New Zealand captain Sophie Devine said that smaller balls can help bring a lot of new players, new kids, new athletes to the game.
Sophie Devine and Jemimah Rodrigues (Courtesy0 ICC)
- We can also be open to a shorter pitch: Jemimah Rodrigues
- We want to get more people to watch the game and more people to even join the game: Jemimah
- Ball used in women’s cricket is slightly smaller and lighter than the one used in the men’s game
New Zealand captain Sophie Devine has recommended using a smaller ball to make women’s cricket more attractive, while India’s Jemimah Rodrigues believes a shorter pitch is another innovation worth exploring.
The ball used in women’s cricket is slightly smaller and lighter than the one used in the men’s game but Devine favoured “a little trial and error” and see if that worked.

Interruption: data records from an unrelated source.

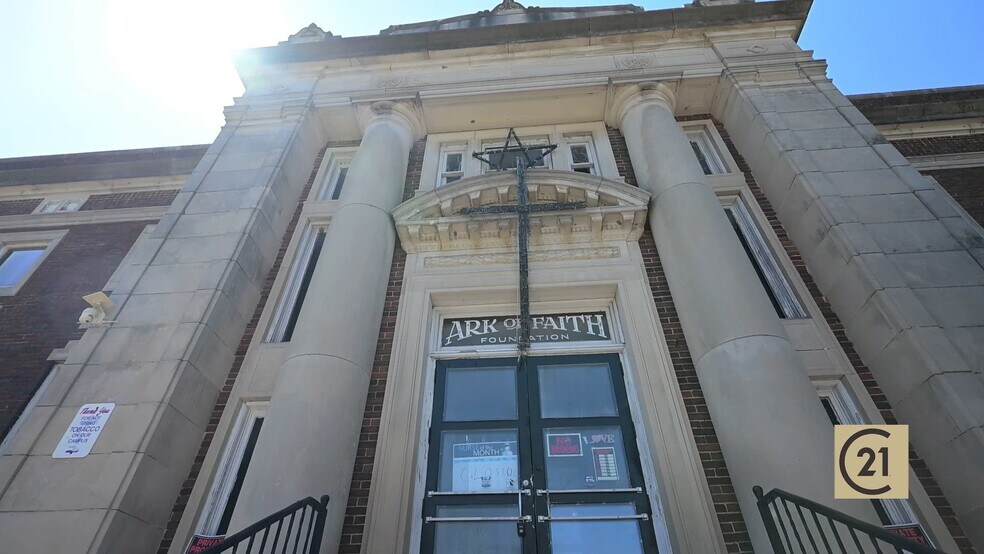 Primary Photo Of 401 E Broadway St, Muskogee Lodge Meeting Hall For Sale
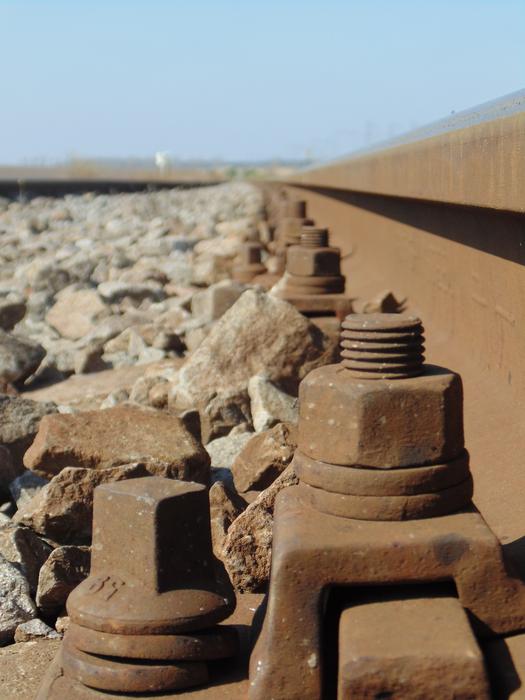 Train Itself Screws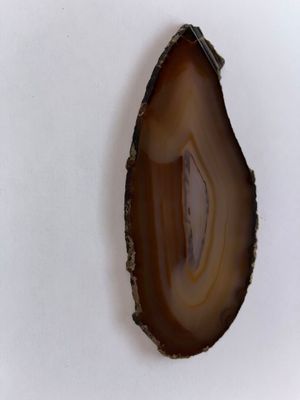 une photo d'une tranche d'agate posée sur une surface blanche
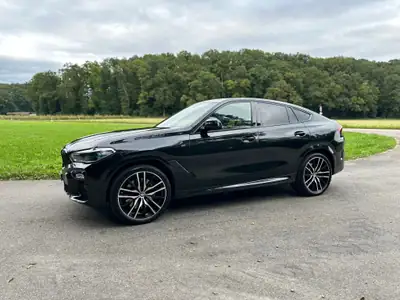 BMW X6 M50d 2020 — SUV coupé premium, 400 ch diesel, équipement complet — vue extérieure
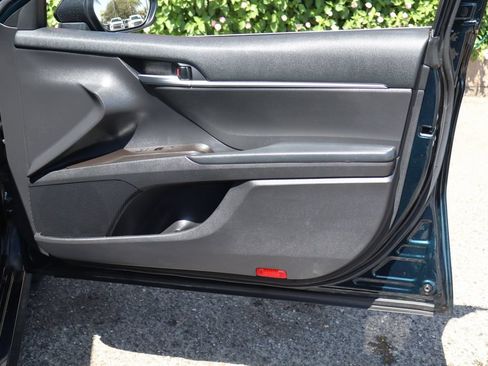 Used 2021 Toyota Camry LE FWD image 39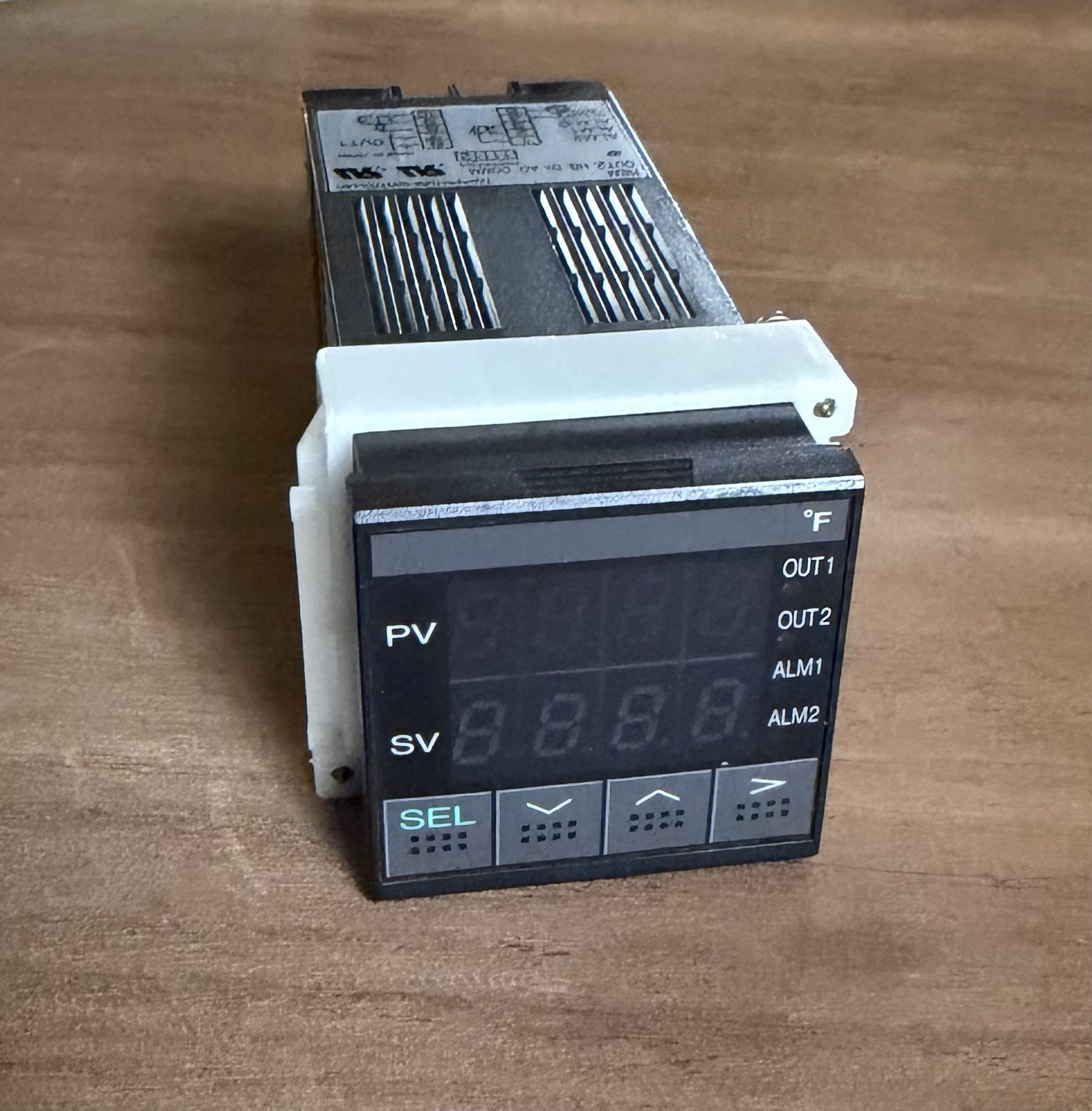 FUJI ELECTRIC FUZZY LOGIC CONTROLLER, PYX4-MDY1-204RF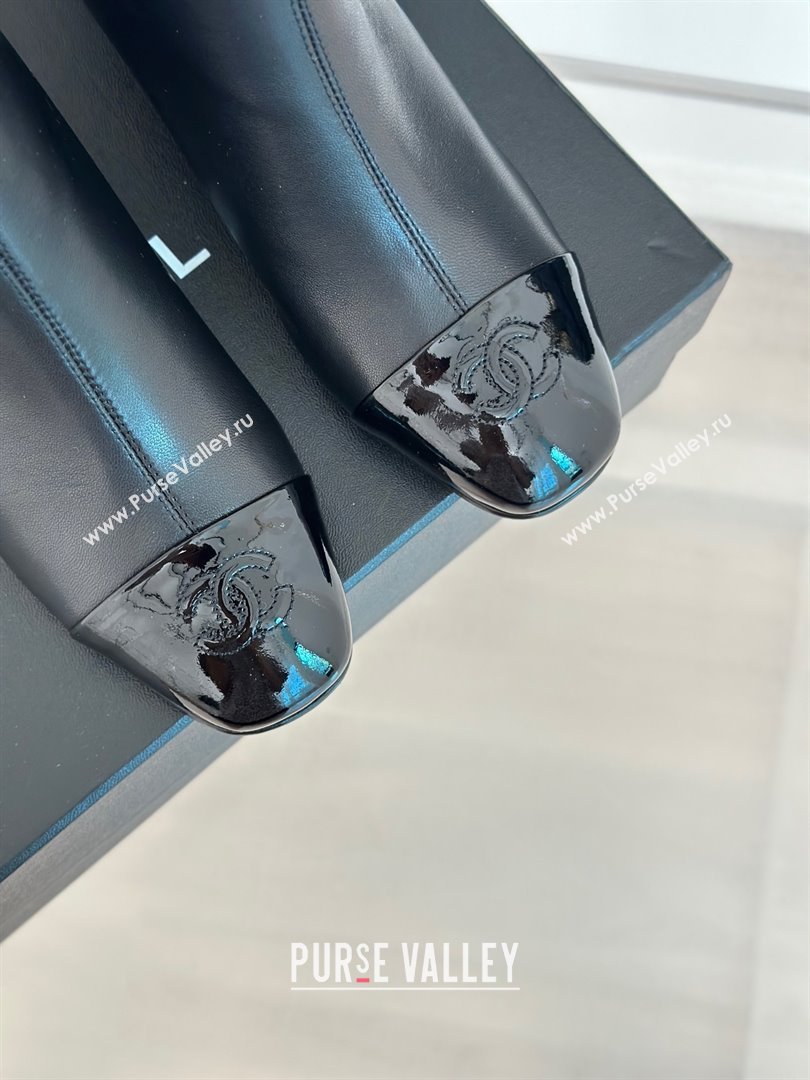 Chanel HEEL 5CM ankle boots WITH buckle black patent 2023 (CLF-231016-32)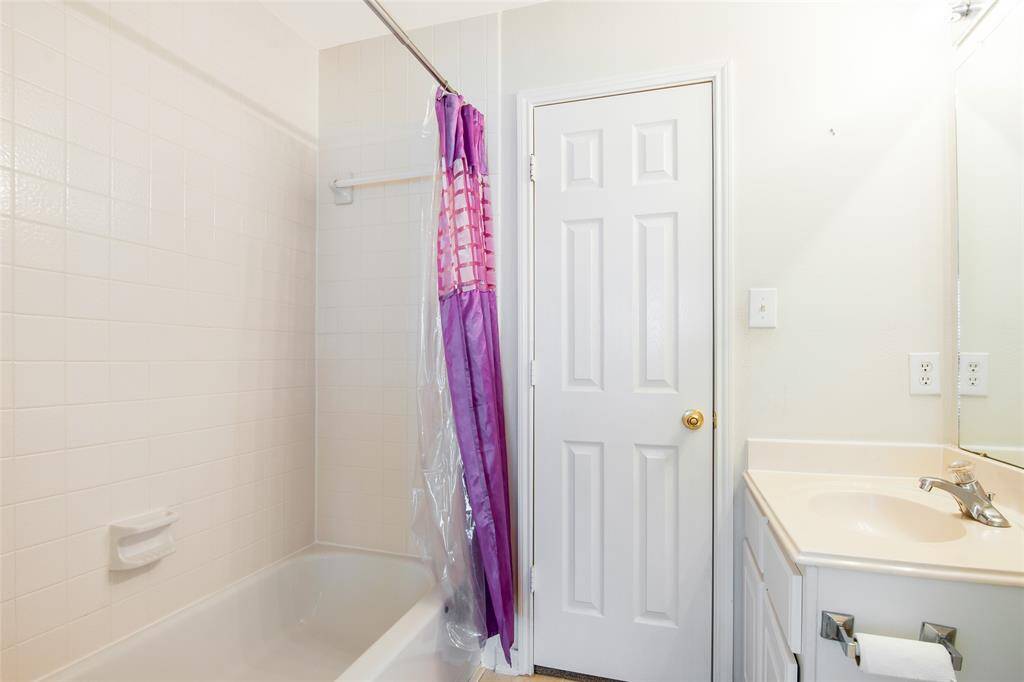 Guest Bathroom with Tub/Shower Combo!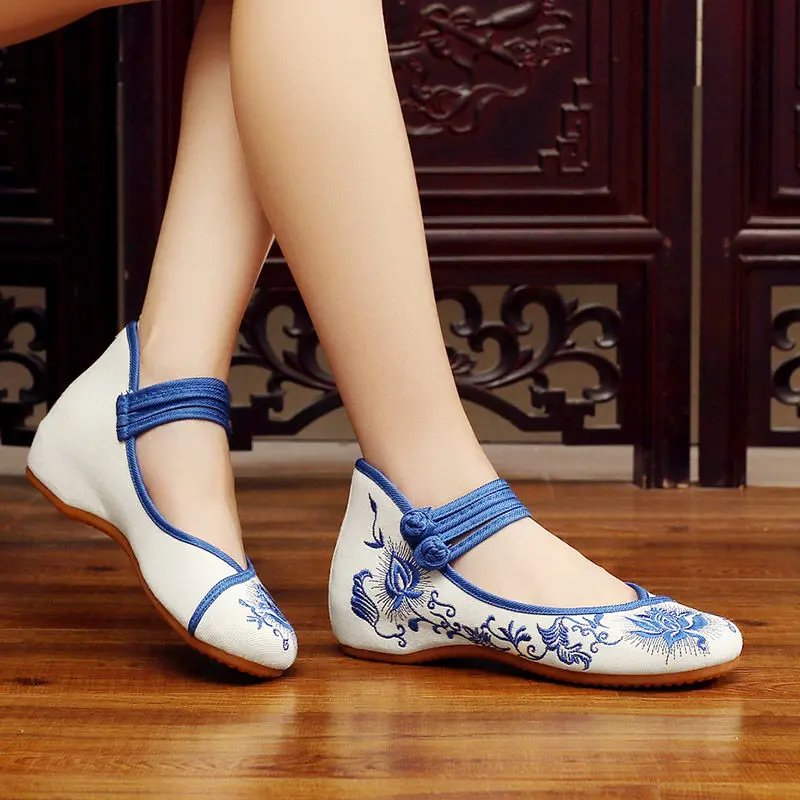 Top Trends: Spring Autumn Old Beijing Embroidered Shoes Women Retro Ethnic Hanfu Chinese Style Cloth Shoes Square Dance Lona Elegant Woman Shoppable Styles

“I think if we are stuck with traditional formats, we’d be missing out on a lot of new players, new kids, new athletes to the game,” she said in an innovation webinar organised by the International Cricket Council (ICC).
“I’m probably a big fan of looking at a smaller ball, but keeping the pitch the same size, where I think pacers are going to be able to bowl quicker, spinners are going be able to turn the ball more,” the all-rounder added.
Rodrigues saw merit in a shorter pitch to speed up the game and win more fans.
“We can also be open to (a shorter pitch), try it out,” said the 19-year-old.
“If that is going to help the game improve and take it to the next level, then why not?”
“We want to get more people to watch the game and more people to even join the game. So, yeah, I think it is a good idea.”